Now, most CEP engines have a facility where they can save state. For instance, with Coral8, you can choose to save all windows out to a database every n seconds or minutes. But, there is a certain tension with persistence of a CEP engine that is processing fast streams of real-time data. If you persist too frequently, you can slow down the CEP engine. If you persist infrequently, then you can lose a significant amount of your state if the CEP engine fails.

Most of the CEP engines will use an external database like SleepyCat, BerkeleyDB, and SQL Server to store state. But, depending on the size and shape of your saved data, recovery might be slow. So, why not save to an object cache? Reading and writing to an object cache would be extremely fast, and if the object cache supports asynchronous storage to a back-end database (or Microsoft’s SSDS), then you can have the best of both worlds.

Among the various CEP engines, I have not seen any built-in adapter support for object caches, like Gemfire, Tangasol, GigaSpaces, and Velocity. It would be fairly easy to write one, but it takes time to marshal between a native C# object and something like a Coral8 tuple.

Wish #1: The CEP vendors to explore object caches as a way to do persistence.

Another use of an object cache is to assist with a query façade. CEP engines like Coral8 support the notion of ad-hoc queries of the windows. If the CEP engine is aggregating data like orders and executions inside a publicly queryable window, any application should be able to query the CEP engine for something like “What are the top ten stocks that have open orders between 10:15 and 10:30”.

We don’t want external applications connecting directly to the CEP engine. There are compliance and security issues involved, and we don’t want any application tied to a particular variant of Streaming SQL. (Note: Coral8 has SQLite embedded in it, and that is what you use to query the public windows.) Therefore, we want to provide a “query façade”. All applications have to connect to the query façade in order to do ad-hoc querying of the CEP engine.

There is a cost to performing ad-hoc queries on the CEP engine while it is trying to process tons of streaming data. And, unless you index your public window correctly, the ad-hoc query can be very slow.

So, why not be able to query the object cache instead? If we are storing aggregated orders and execution data inside of Velocity, why can’t we query Velocity to find the top ten stocks that have open orders between 10:15 and 10:30? In other words, querying an object cache should be almost the same as querying an SQL Server database.
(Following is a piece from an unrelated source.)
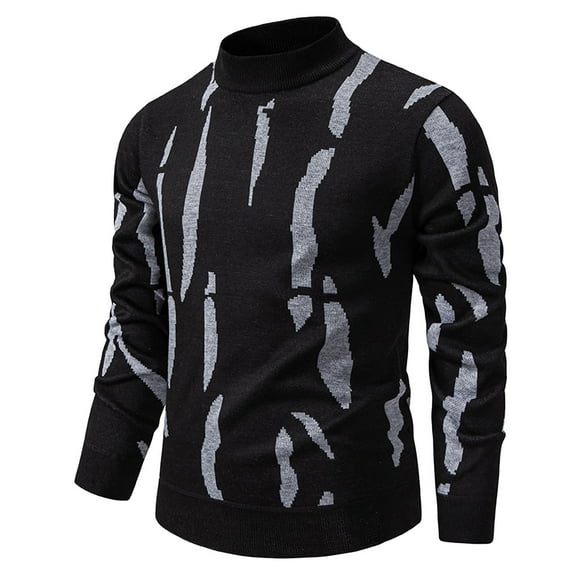 ibuvkizy Mens Sweater!Men's Fall and Winter British Semi High Neck Plus Thick Velvet Knitted Sweater Printed Sweater Base Sweater Black,XXXXL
I don’t care if the query language is SQL 92, Streaming SQL, LINQ, or the LINQ-ish thing that SSDS has…. As long as it’s not Q :-)

Wish #2: Microsoft will get together with the object cache and CEP vendors and come up with a common method to query database, caches, and CEP engines.




©2008 Marc Adler - All Rights Reserved.
All opinions here are personal, and have no relation to my employer.

5 comments:

Anonymous said...

Marc,

I like your ideas re Cache & CEP.

Using a cache with CEP is a great idea for persistence, etc. but there is another use that, at first blush, is not readily apparent.

Using a cache, and embedding the cache into the development environment with a number of access/update methods (pub/sub, sql, LINQ, etc.) allows the creation of distributed, 'grid' or cluster-like deployments with much less fuss and mess than what's currently required across all of the CEP vendors.

As a practioner in the area of event driven systems for many years within the Capital Markets space, I don't think I've ever implemented a production, tier 1 app on a single machine. Use of a cache (or bus with different qualities of service) made deployment of these hot/hot solutions much easier than would have otherwise been possible.

Korrelera, (R.I.P.), utilized an embedded pub/sub bus so that when the engine ran, it didn't really know, or care, where data came from and where data was going. This bus could also be used on a single machine deployment. Our first, and only deployment (at the Boston Stock Exchange), consisted of a number of machines running a number of processes (100's). Use of the bus made clustering all that much easier and also allowed the dynamic creation and addition of processes to the system during production (if you were brave enough to try it).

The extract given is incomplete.